ELO: 50.59 +-1.8 (95%) LOS: 100.0%
Total: 60000 W: 17819 L: 9143 D: 33038
Ptnml(0-2): 586, 4917, 12288, 9653, 2556
https://tests.stockfishchess.org/tests/view/5ea413e913fcd4bb2f00a0d3

noob:

ELO: 48.18 +-1.8 (95%) LOS: 100.0%
Total: 60000 W: 17306 L: 9038 D: 33656
Ptnml(0-2): 619, 5006, 12298, 9642, 2435
https://tests.stockfishchess.org/tests/view/5ea415ac13fcd4bb2f00a0e1

SF11 vs master (LTC, Edit: final values)

closed:

ELO: 20.12 +-1.8 (95%) LOS: 100.0%
Total: 40000 W: 7149 L: 4835 D: 28016
Ptnml(0-2): 211, 3221, 11101, 4977, 490 
https://tests.stockfishchess.org/tests/view/5ea45e85b908f6dd28f34ada

noob:

ELO: 17.45 +-1.7 (95%) LOS: 100.0%
Total: 40000 W: 6357 L: 4350 D: 29293
Ptnml(0-2): 224, 3109, 11590, 4590, 487 
https://tests.stockfishchess.org/tests/view/5ea45e72b908f6dd28f34ad7

I think this indicates that the book is pretty general purpose.

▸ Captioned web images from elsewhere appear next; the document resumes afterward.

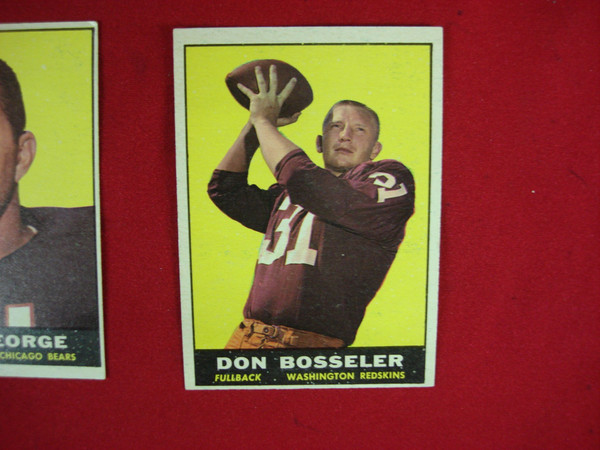 Vintage 1961 Topps Football Card Lot of 5 - Graded, Extra Sharp Condition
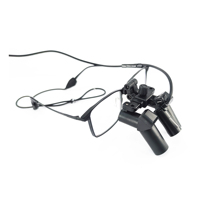 Système de grossissement dentaire complet Micare, loupes prismatiques 6,5X et peigne de phare ultra lumineux pour médecin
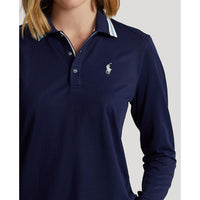 Rlx Ralph Lauren Women's Tour Pique Long Sleeve Golf Polo Shirt - French Navy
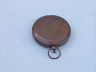 Antique Copper Captains Push Button Compass 3 - 5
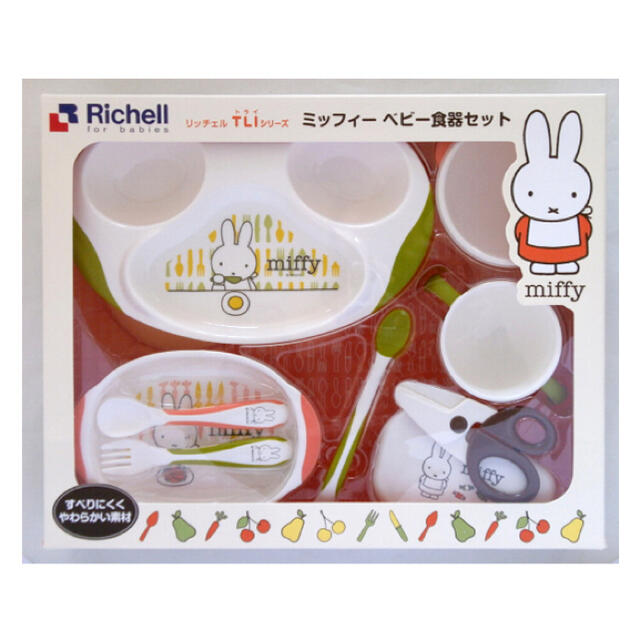 Richell(リッチェル)のミッフィー離乳食セット キッズ/ベビー/マタニティの授乳/お食事用品(離乳食器セット)の商品写真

I will now reschedule a few of the recent yellow LTCs that presumably target closed positions with the new book

vondele commented 4 years ago

Can I ask authors of recent yellow LTC patches (e.g. @Vizvezdenec @xoto10 @locutus2 @MJZ1977 @Lolligerhans) that target closed positions to resubmit them LTC, with the new closedpos.epd book, putting closedbook in the info field as well? Looks like a few of them will need rebasing so I can't easily reschedule.

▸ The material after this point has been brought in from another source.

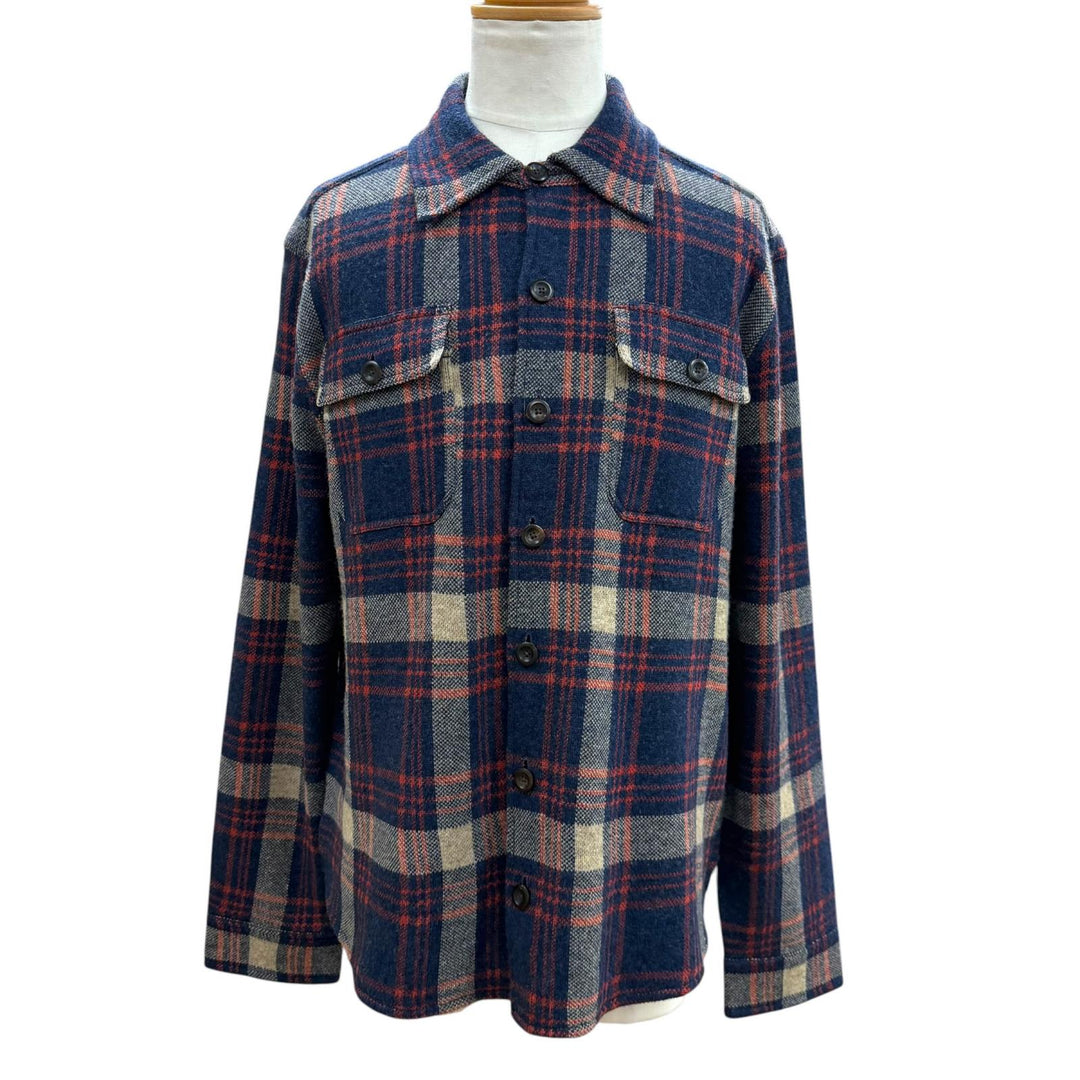 Pristine RRL Long sleeve shirt Work shirt sweater Navy wool mens L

I've reschedule 2 that were based on current master: https://tests.stockfishchess.org/tests/view/5ea49685b908f6dd28f34b85 https://tests.stockfishchess.org/tests/view/5ea4969ab908f6dd28f34b87

locutus2 commented 4 years ago

I will retest with the closed book my pawn chain patches . I had three similiar version which all passed STC and failed LTC yellow.

Lolligerhans commented 4 years ago

@vondele I had no such patch. I kept track of yellows so I am pretty sure. :)

adentong commented 4 years ago

Unrelated to the current topic, but the last regression was only ~11elo, but @vondele's LTC tests are showing 18/20 elos respectively for closed book/noob book. I know we use a different book for regression, but still a bit surprising.

xoto10 commented 4 years ago

Very interesting results! Am i right in thinking this book is about the same size as noob_3moves ?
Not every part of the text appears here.